I began to panic.  I suppose that I could respond and tell Sharon that I would not be able to go to her wedding.  No, that wouldn’t work.  I would have to come up with an excuse, a lie, and then I would have to remember it for the rest of my life.  Then I would have to be on my toes at all times and be prepared to convincingly discuss my excuse, in great detail, every time Sharon reminisced about her wedding.  Maintaining a lie for several years is just too much pressure for me to endure.  Lying was not an option.

Wait just one minute!  Sharon knows perfectly well that I’m not dating anyone right now.  Is she trying to punish me?  Is she trying to humiliate me?  How could she be so cold?  I became indignant, That’s it!  I’m not going and that will show her!  Those thoughts faded when reality stepped in and I remembered that the world doesn’t revolve around me and that Sharon’s wedding ceremony and reception were not maliciously planned with the express purpose of embarrassing me.

I thought about being honest and logical.  Perhaps I could call Sharon and tell her that I didn’t have a date to bring and ask her if she had invited any single men who also need a date.  No, then I would look pathetic.  Pathetic and desperate, a sad combination.

I looked at the invitation again.  The date of the wedding was six weeks away.  I had to come up with a plan of action.  Humm.  I could go out and actively pursue men.  Let’s see.  If I met a man this weekend, we could have three, four, possibly five dates before Sharon’s wedding.  We would appear comfortable together and after six weeks there would be a good possibility of some hand-holding and sweet glances.

But there was the very real possibility that I would not meet a potential “and Guest” right away.  I calculated, if I met someone two or three weeks from now, we might only be able to get in a few dates before the wedding.  This could create a familiarity and comfort issue.  What if I don’t know him well enough to determine what his idea of formal wear is?  It could be an expensive suit or a T-shirt with a tuxedo stenciled on the front.

I considered going to a popular restaurant in my neighborhood and making the announcement that I had been invited to a wedding.  I would explain that I had been asked to bring a date and that I would be interviewing applicants from the hours of nine to eleven at the end of the bar.  Along with proof of employment and a valid driver’s license, a list of three references must be provided.  Transients and drunks need not apply.

The weeks flew by and before I knew it Sharon’s wedding day had come.  I had not arranged for an “and Guest.”  I was going to the wedding alone, unescorted.  Things could be worse, I thought.  Sharon could have asked me to be a bridesmaid.

(From The Grumbling of a Chronically Single Woman, By Randi Sherman author of PAULA TAKES A RISK)

Wednesday, November 23, 2011

Bachelorette Shower - from Grumblings... By the Author of Paula Takes a Risk - Available March 2012

Bachelorette Shower

“The gift is in the giving.”  That’s what they say.  True-giving selflessness happens when a person does not expect anything in return for his or her actions.
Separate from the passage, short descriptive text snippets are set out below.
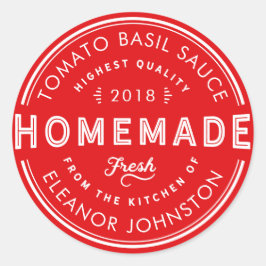 Zelfgemaakte Saus Label Aangepaste kleur en tekst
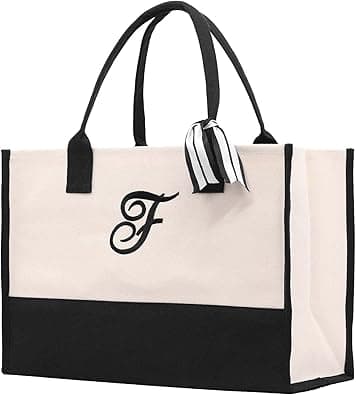 VANESSA ROSELLA Premium Quality Personalized Gift Monogram Initial 100% Cotton Chic Tote Bag with Customize Option - Black on Amazon.ae - Price Tracker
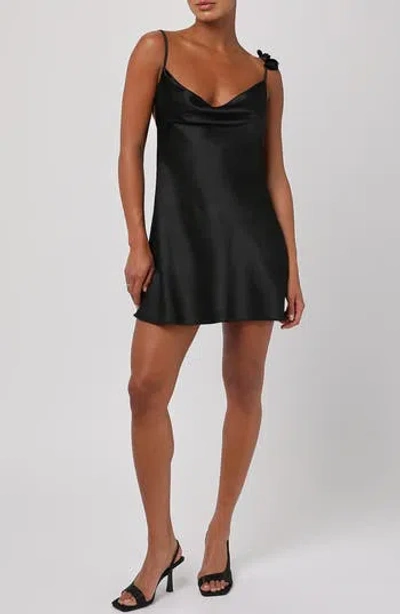 Lulus Pandora Flower Back Minidress In Black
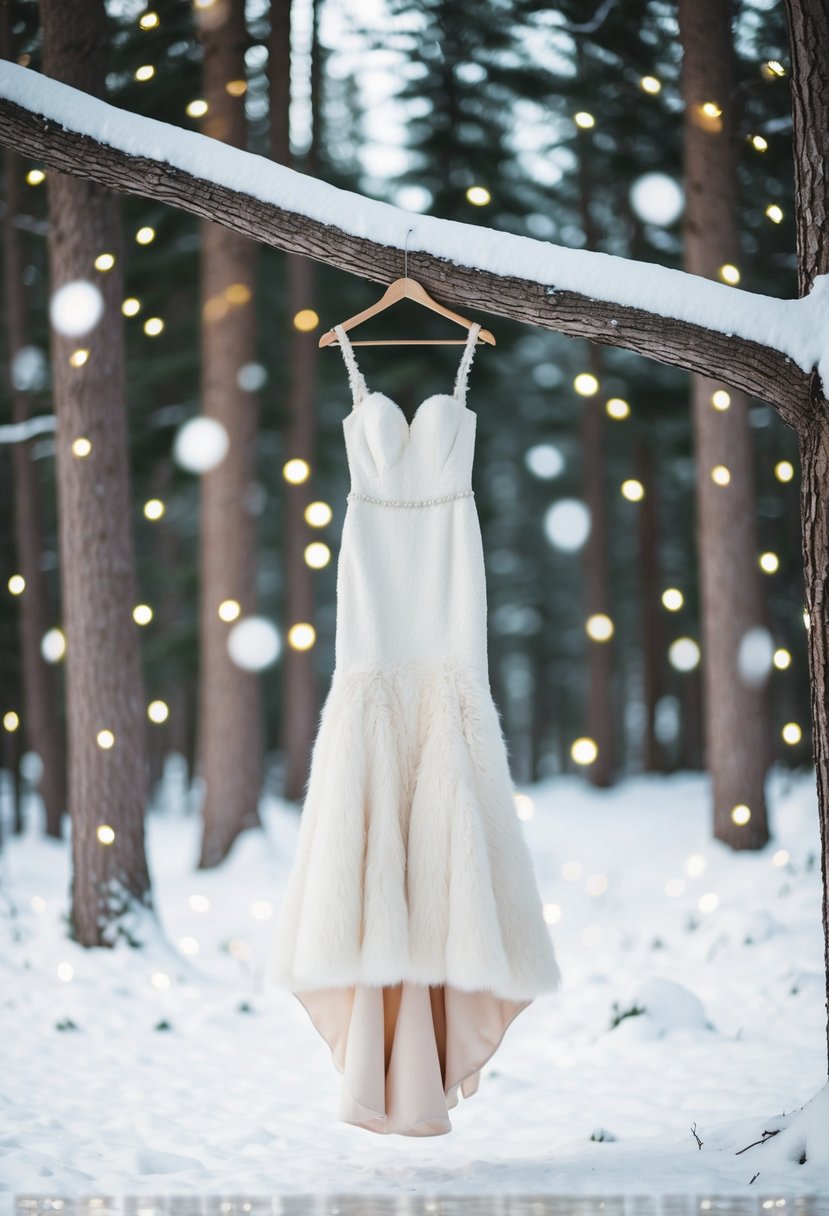 A snow-covered forest clearing with a white faux fur wedding dress hanging from a tree branch, surrounded by twinkling lights and shimmering snowflakes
Sure. Okay, whatever you say.  But, after years of attending countless bridal and baby showers and purchasing one gift after another, I’ve become fed up.  How about some gift reciprocation?  Do I have to have an engagement ring or a fetus in order to receive a congratulatory gift?  Is this fair? Just because I don’t have a husband-pending doesn’t mean I don’t need mixing bowls. If you cut me, do I not bleed?  If I’m unmarried, do I not need cutlery?

I’ve lost count of the amount of times I have schlepped myself to the Pottery Barn or to a department store, in the name of friendship, to be faced with the saleswoman who is in possession of a gift registry list.  Or worse, spending thirty minutes trying to call up the list on the customer computer system that is “Out of Order.”  Not to mention the frustration of trying to decipher the meaning of M #1322 chg gls 12 or Horizon tstr bgl 1. It’s amazing to me that no matter how soon I get to the store following the wedding announcement, with the exception of the designer dishtowels and an oven-mitt-apron combination, none of the ‘affordable’ gifts on the registry list are left to purchase.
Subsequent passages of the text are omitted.